Task description> At the line with "Designer party wear", start transcribing; stop after the last line of the data below. Keep it exact and leave pictures out.

Data shown>

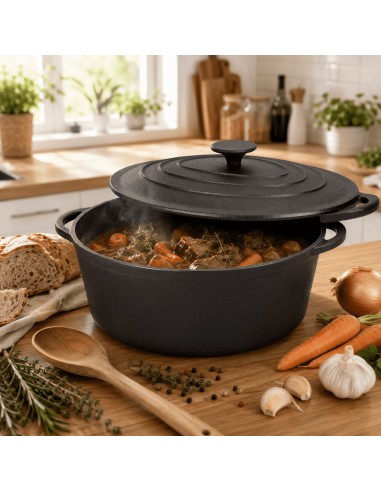 Tava de copt din fonta 6.4L, Kraft&Dele, 33 cm, cu capac, KD4246 Tava de copt din fonta 6.4L, Kraft&Dele, 33 cm, cu capac, KD4246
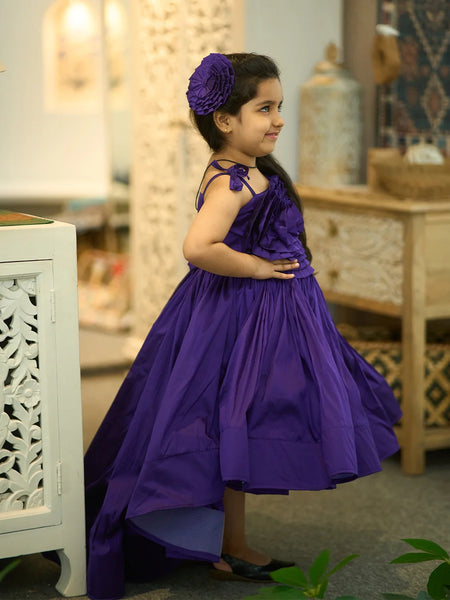Designer party wear gown for girls, strappy neck and high-low hem, Jaipur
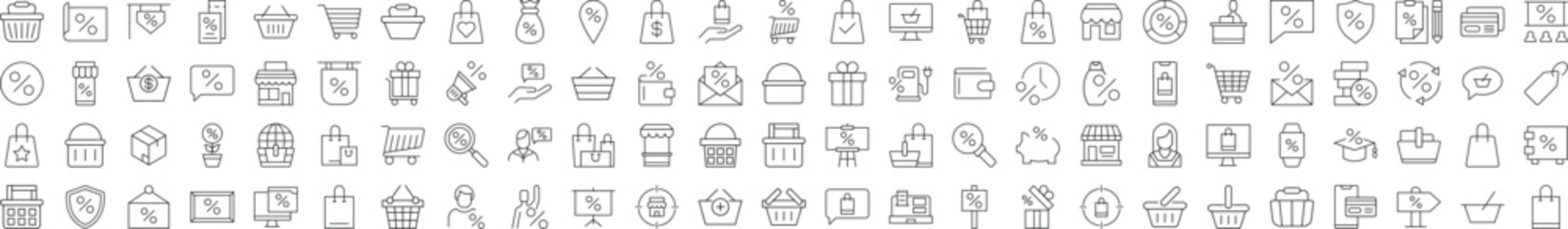 Stores, Shops, Selling Minimalistic Line Icons. Illustrations for web sites, apps, design, banners and other purposes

Answer space>
Designer party wear gown for girls, strappy neck and high-low hem, Jaipur
 Stores, Shops, Selling Minimalistic Line Icons. Illustrations for web sites, apps, design, banners and other purposes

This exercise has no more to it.